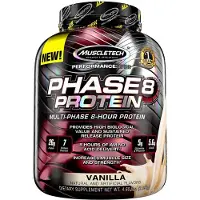 Muscletech , Platinum, 8-timmars protein, Vanilj-kaka, 4,58 lbs (2,08 kg)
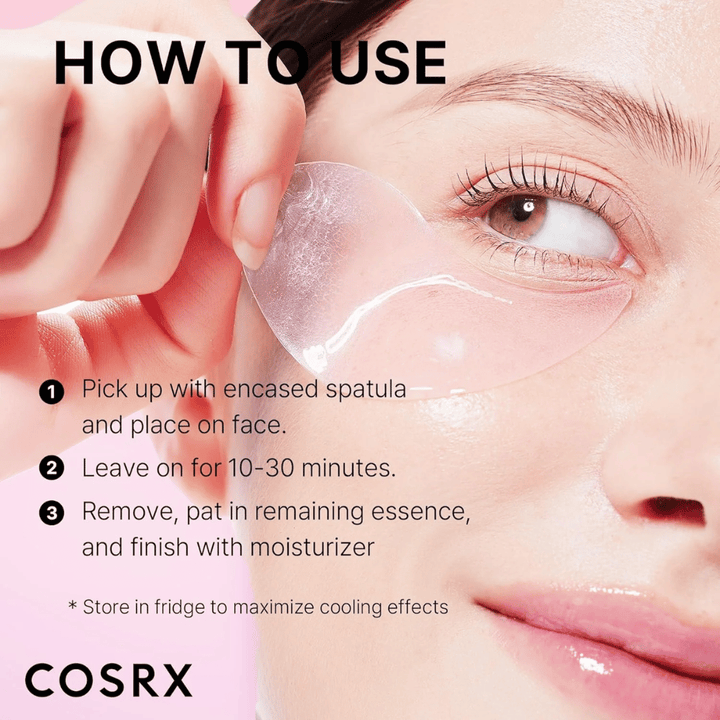 COSRX Peptide Collagen Hydrogel Eye Patch – levitä lastalla, anna vaikuttaa 10–30 minuuttia ja viimeistele kosteusvoiteella.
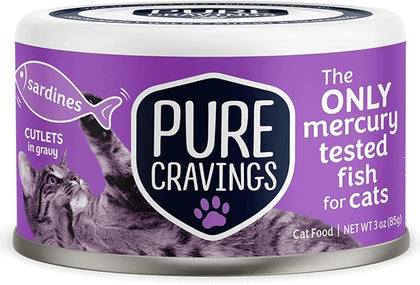Pure Cravings Wet Cat Food Canned Sardines Cutlets in Gravy, Every Catch is Mercury-Tested, Moist Can Fish for Cats, Grain-Free, Protein, Non-GMO, Pack of 12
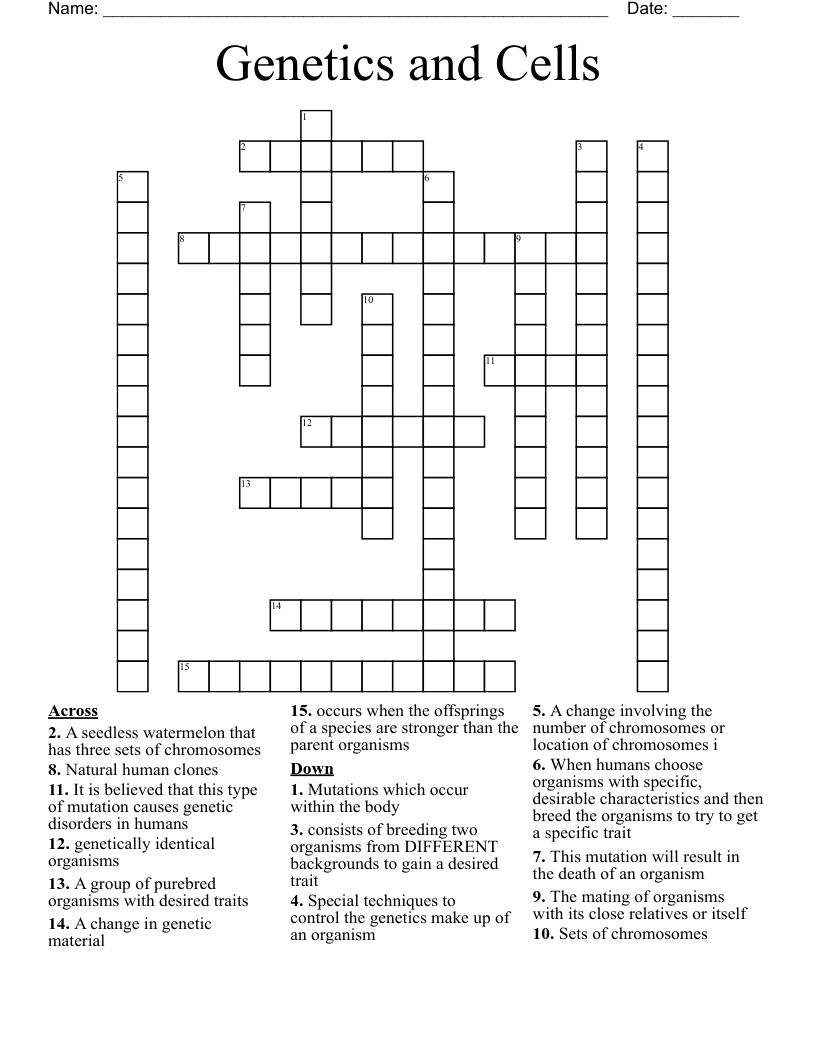 Genetics and Cells Crossword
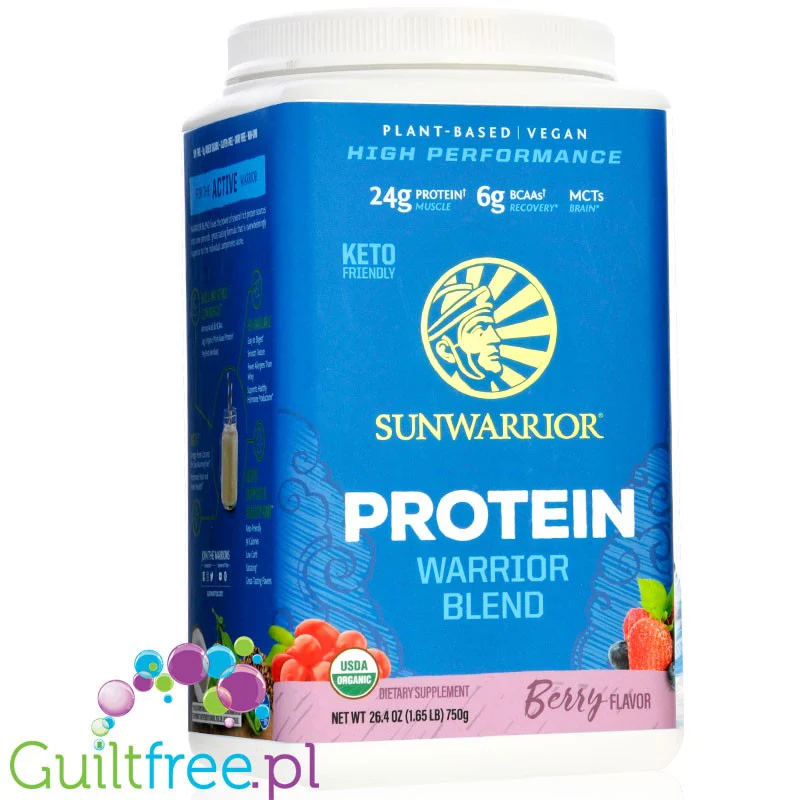 Sunwarrior Protein Warrior Blend 0,75kg, Berry - wegańska organiczna odżywka białkowa z goji i MCT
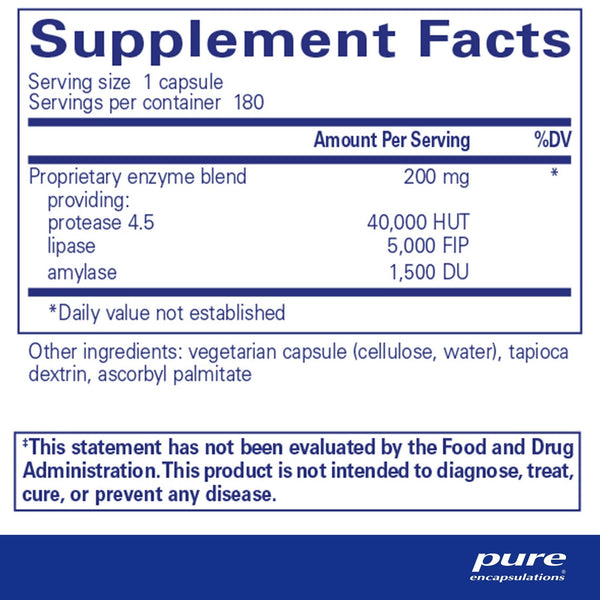 Pure Encapsulations, Pancreatic VegEnzymes, 180 Capsules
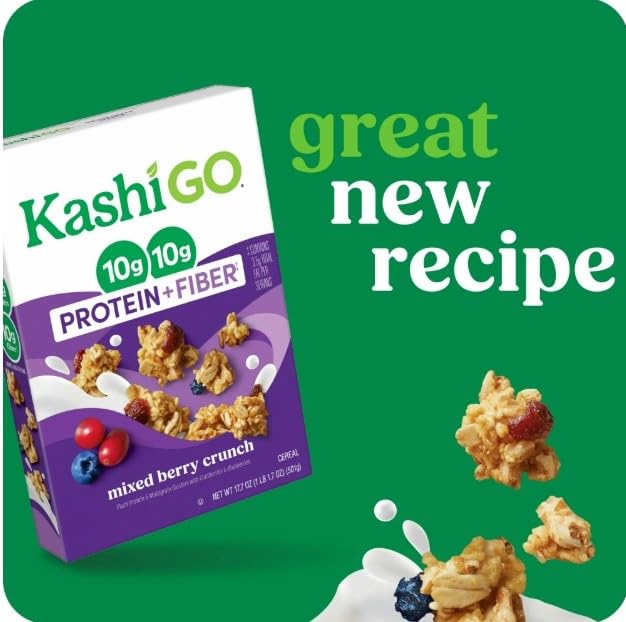 Cold Breakfast Cereal byKashi- Vegan Protein - Fiber Cereal - Mixed Berry Crunch - 17.7 Oz Box - Pack of 2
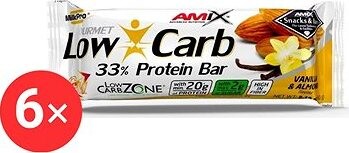 Amix Nutrition Low-Carb 33 % Protein Bar, 6× 60 g, Vanilla-Almond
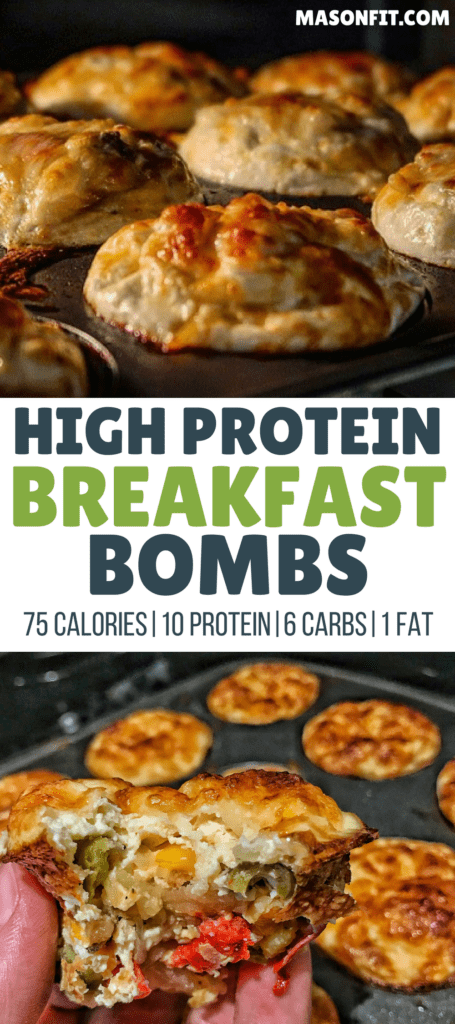 A high protein breakfast recipe that's as easy as adding ingredients to a muffin tin! Recipe includes both sausage and meatless options. Only 75 calories per breakfast bomb!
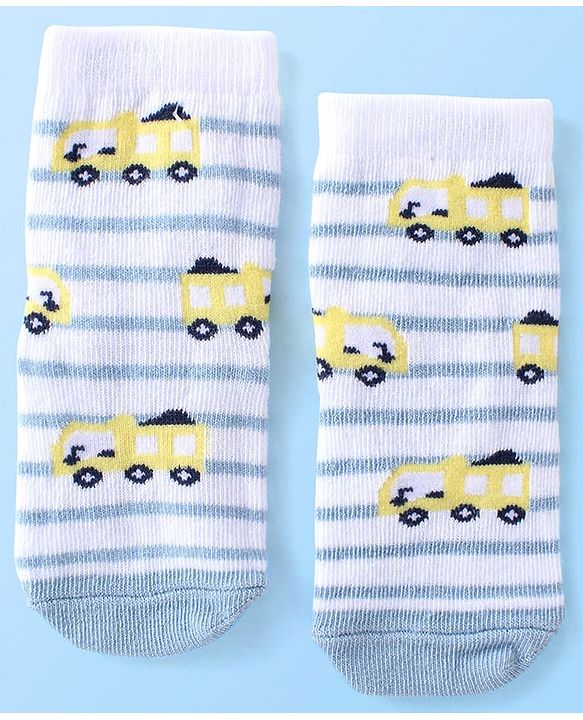 Cute Walk By Babyhug Anti Bacterial Ankle Length Socks Striped & Aircraft Design Pack Of 3 - Blue White & Grey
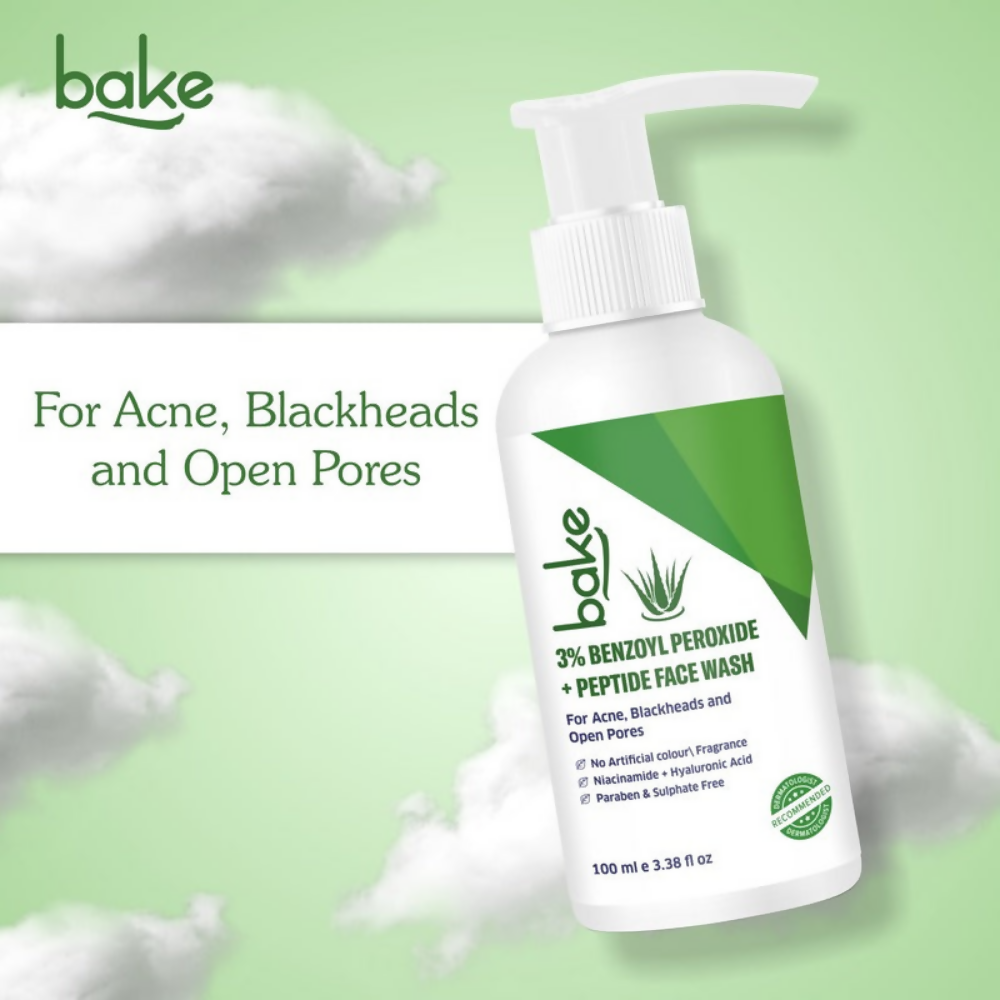 Bake 3% Benzoyl Peroxide Face Wash with Peptides | Swadesiicart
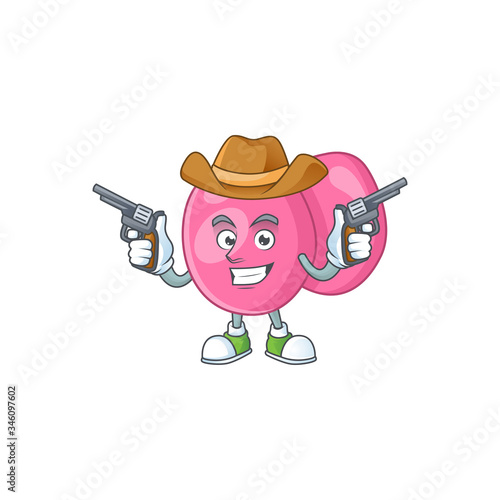 A cowboy cartoon character of streptococcus pyogenes holding guns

======

Your reply should hold only the lines running from the one with "Bake 3% Benzoyl" to the end of the data above, set down exactly, pictures omitted.

Answer below:
 Bake 3% Benzoyl Peroxide Face Wash with Peptides | Swadesiicart
 A cowboy cartoon character of streptococcus pyogenes holding guns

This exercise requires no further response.